- [Instructions to follow] Write out again the lines from the line with "Tod's Man Loafers" up to and including the line with "Fodboldbord Stopper 10", exactly as they stand below, and skip any picture.

- [Data in this exercise]
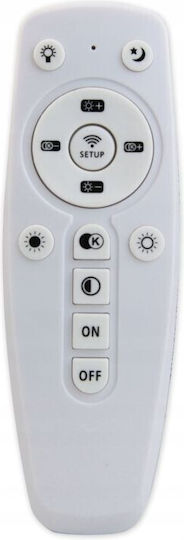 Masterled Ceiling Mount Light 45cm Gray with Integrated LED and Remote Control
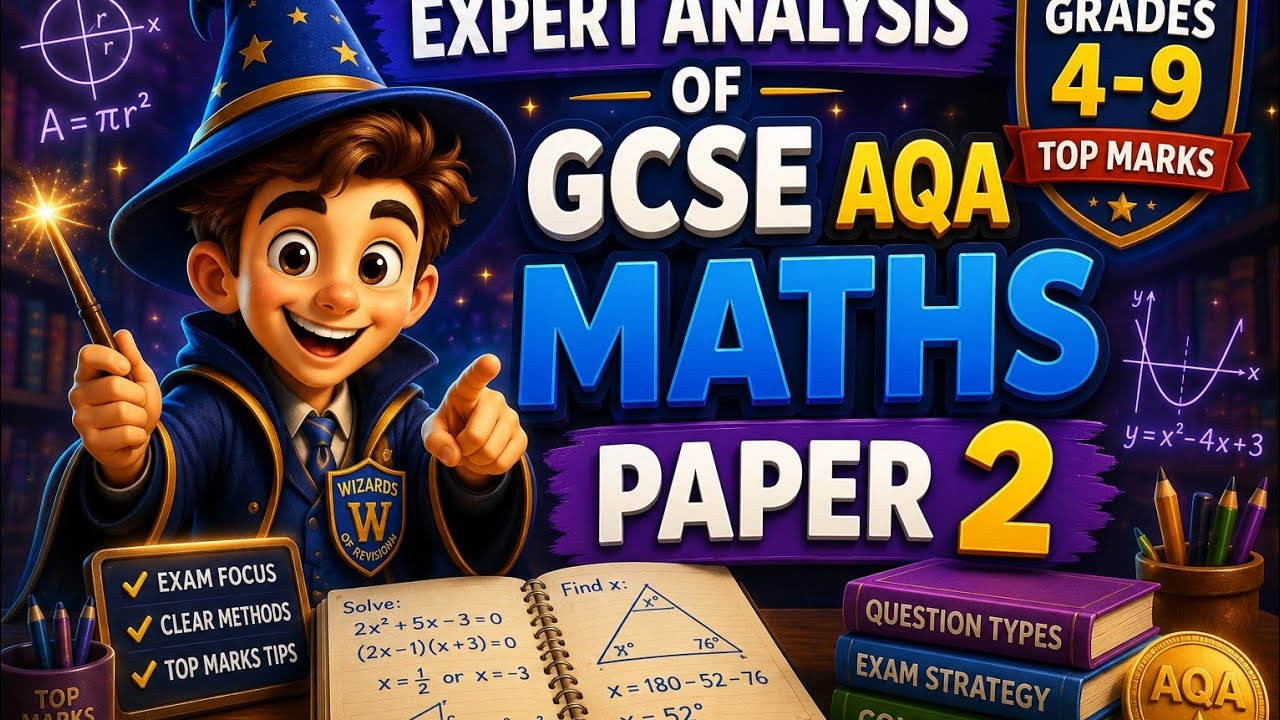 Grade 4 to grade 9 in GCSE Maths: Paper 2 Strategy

--

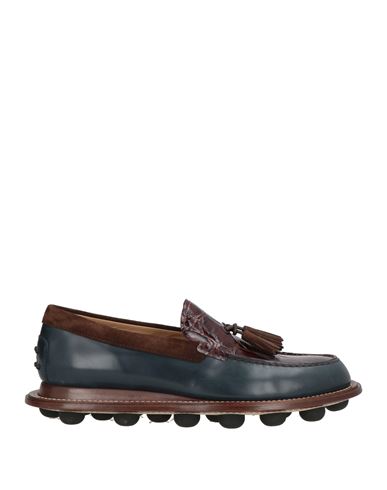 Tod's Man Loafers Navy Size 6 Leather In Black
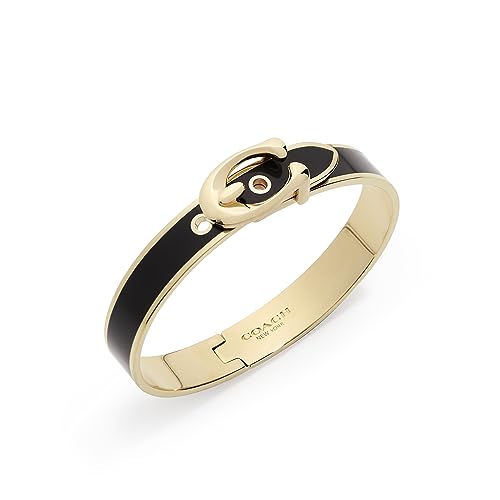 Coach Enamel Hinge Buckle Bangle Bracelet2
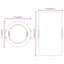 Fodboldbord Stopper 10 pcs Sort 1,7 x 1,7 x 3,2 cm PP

- [Output]
 Tod's Man Loafers Navy Size 6 Leather In Black
 Coach Enamel Hinge Buckle Bangle Bracelet2
 Fodboldbord Stopper 10 pcs Sort 1,7 x 1,7 x 3,2 cm PP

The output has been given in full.